Ersari Rug, ca. 1900
I was living on a cattle ranch in Colorado, and an older couple had moved there from San Francisco to retire, and bought a fish farm. And they were selling all their San Francisco things and buying Western. This was in a garage rolled up, and I asked how much they wanted for it, and they said $25. And I wrote out the check really fast.
How long ago was this?
1975 or '76.
Okay. It's an antique rug from around 1900, woven in the Afghanistan region by the Ersari tribe.
Oh, for heaven's sake.
So these were nomadic people that by the late 19th century had started to weave as a cottage industry, because rugs had become so popular.
In earlier times, the rugs looked a good deal different than this.
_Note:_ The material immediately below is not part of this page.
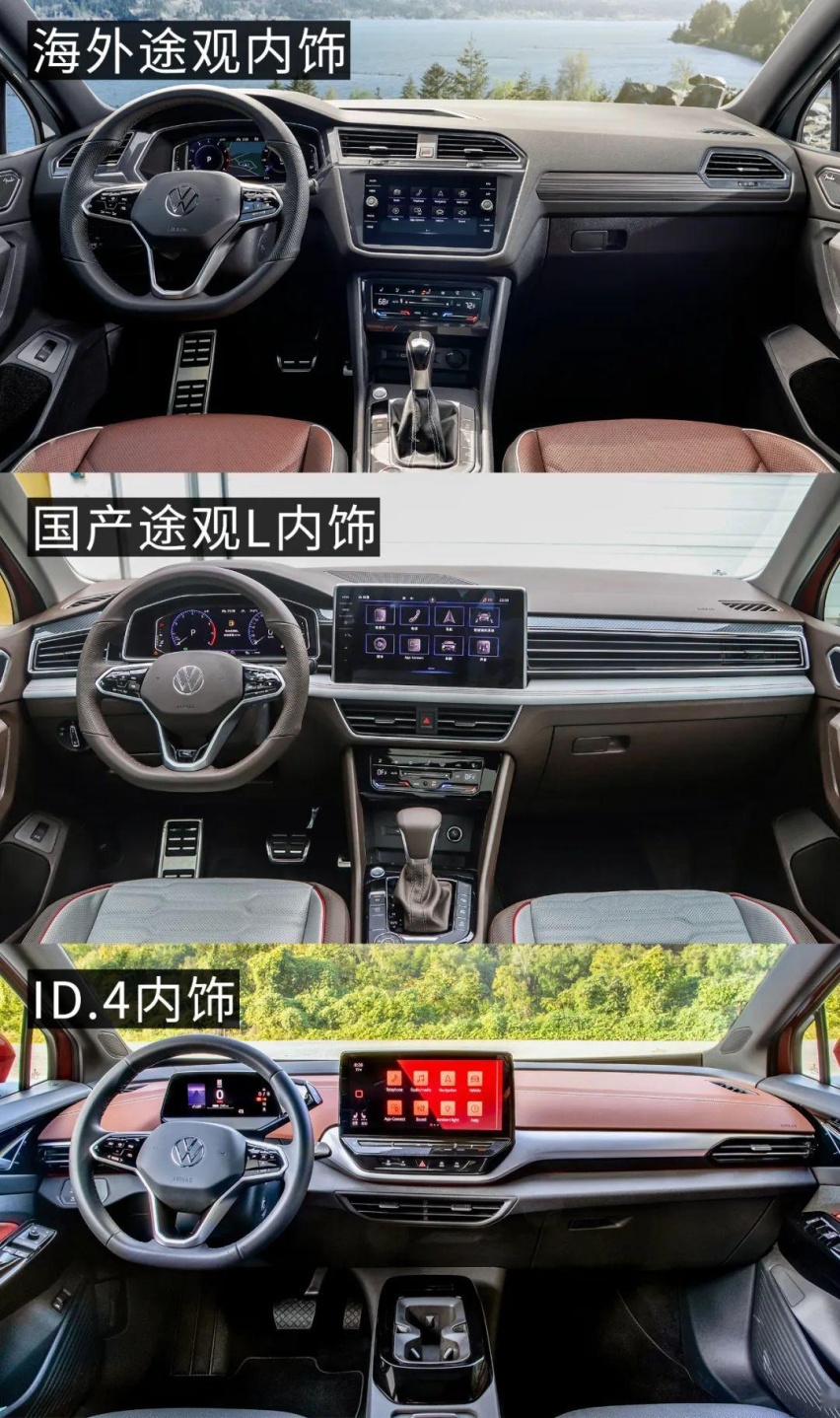 全新一代大众途观就长这样？！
One of the main differences is these large medallions that you see...
Which there are three rows... In the earlier examples, let's say from the early 19th century or the mid-19th century, there would have been a lot more spacing between the individual medallions, which are called guls. As these nomads became more commercial in their endeavor, there tended to be a trend towards packing in more and more design. And the people that collect Turkoman rugs want to have the earlier examples that are more suggestive of the time when they were making things for their own purposes. I'd say if you had to go out and buy this today in the retail market, you'd have to pay around $5,000 for it.
Oh, that would be great. Well, that's wonderful. That's all right.